Jeep Transport Trailer Thoughts

Is your MV transport trailer insured?  Insurance for a trailer or car hauler with coverage that covers theft, damage, storm damage, etc. will mostly likely cost less than $20.00 for six months.  Ask your insurance agent.  You will be surprised.  That is less than the cost of a good pad lock.  Not a bad price considering the trailer would cost at least $2500 to replace and trailers are a target for theft.  You may have some limited coverage with your auto policy, but this is usually limited and most likely doesn’t cover theft, damage and the like.  Might be worth thinking about.
While we are talking about trailers I will share my trailer tire experience.  Please remember that my opinion / advise is worth what you are paying for it!  I don’t claim to be a tire expert, but I’ve been through my share of flat trailer tires.  My trailer tires track wider than my truck tires by nearly a foot on either side.  With Arkansas’ narrow roads my trailer tires are constantly off the road or hitting pot holes at fast speeds and this may contribute to the all too common flat trailer tire.

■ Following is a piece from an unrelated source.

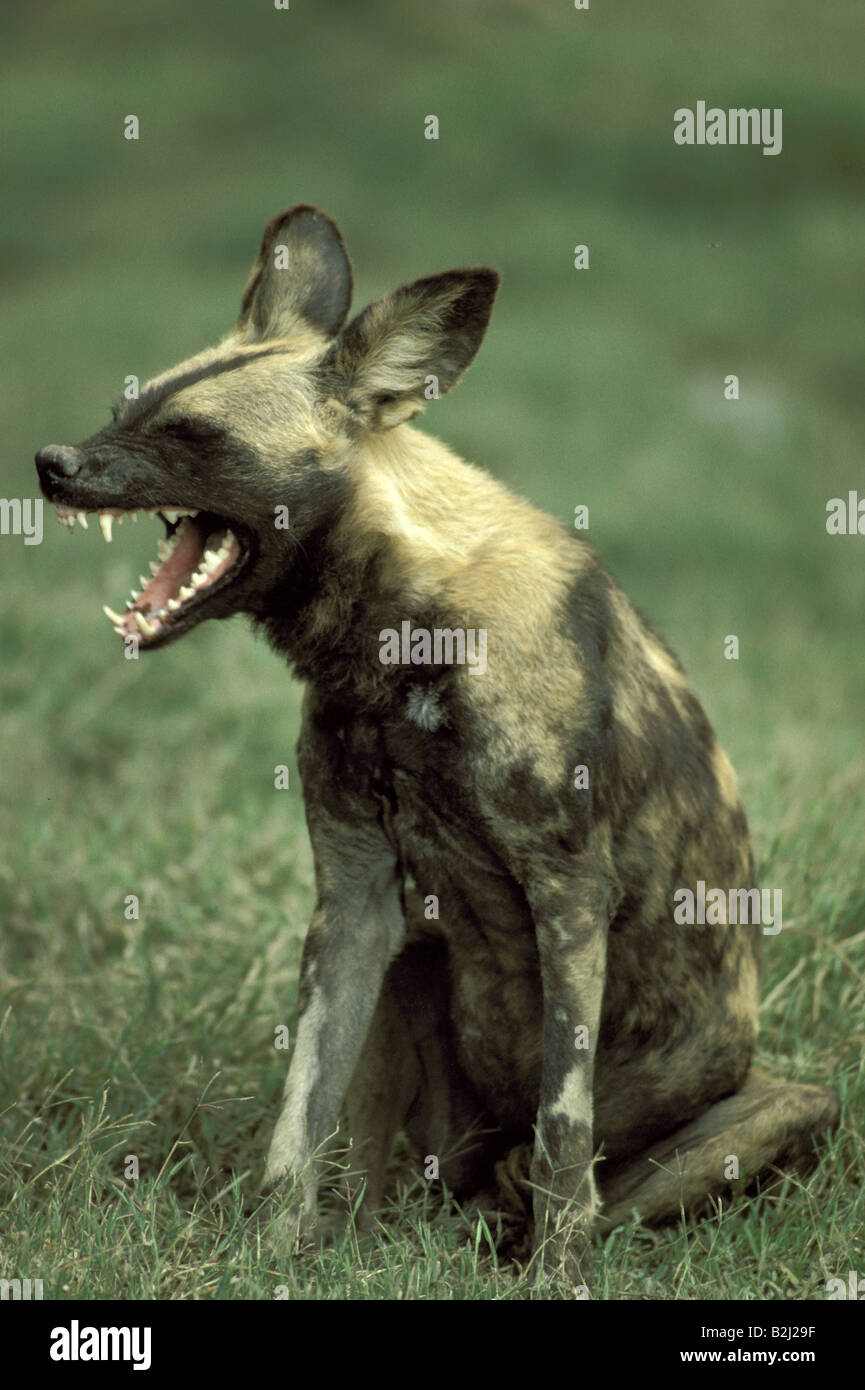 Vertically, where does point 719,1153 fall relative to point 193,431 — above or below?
below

The tires that came new on my trailer were rather low quality in my opinion.  They were bias ply tires.  I think they were Texas Star brand or something like that.  I bet I didn’t get 5,000 miles out of those tires and I was constantly taking one in to get a flat fixed.  
After the tires tread quickly wore down I started shopping for new ones.  I started asking around for trailer tires made in the USA.  I even talked to a couple different tire distributors as I was looking for USA tires.  If USA trailer tires exist, I couldn’t find them.  Most trailer tires that are on the market are a brand that I have never heard of and they are made in China.  At one point I got some advise to just purchase car tires and use them.  This is probably not a good idea as trailer tires have stronger side walls.  I finally settled on some Goodyear radial trailer tires that I found at Wal Mart.  Trailer radial tires compared to bias ply tires don’t have a side wall that is quite as rigid so the tires will look a bit flatter when fully inflated.  My trailer manufacturer suggest tire inflation of 50 lbs.  My trailer has  two 3500 lb axles.
I’ve been using the Goodyear radial trailer tires for a couple of years now and have found the tread wear to be very good.  The tires are not showing heavy wear like the tires that came on the trailer when new.  I’ve also not had a single flat yet.  I’m sure some of that is luck.
Another tip if you buy trailer tires at Wal Mart.  If you don’t have the tires balanced then you don’t have to pay for mounting (at least I didn’t).  I didn’t have my trailer tires balanced and have not noticed any negative results.
I know tires and tire brand is kind of like motor oil.  Everyone has a different opinion.  I have been very happy with the Goodyear radial trailer tires especially with the tread wear.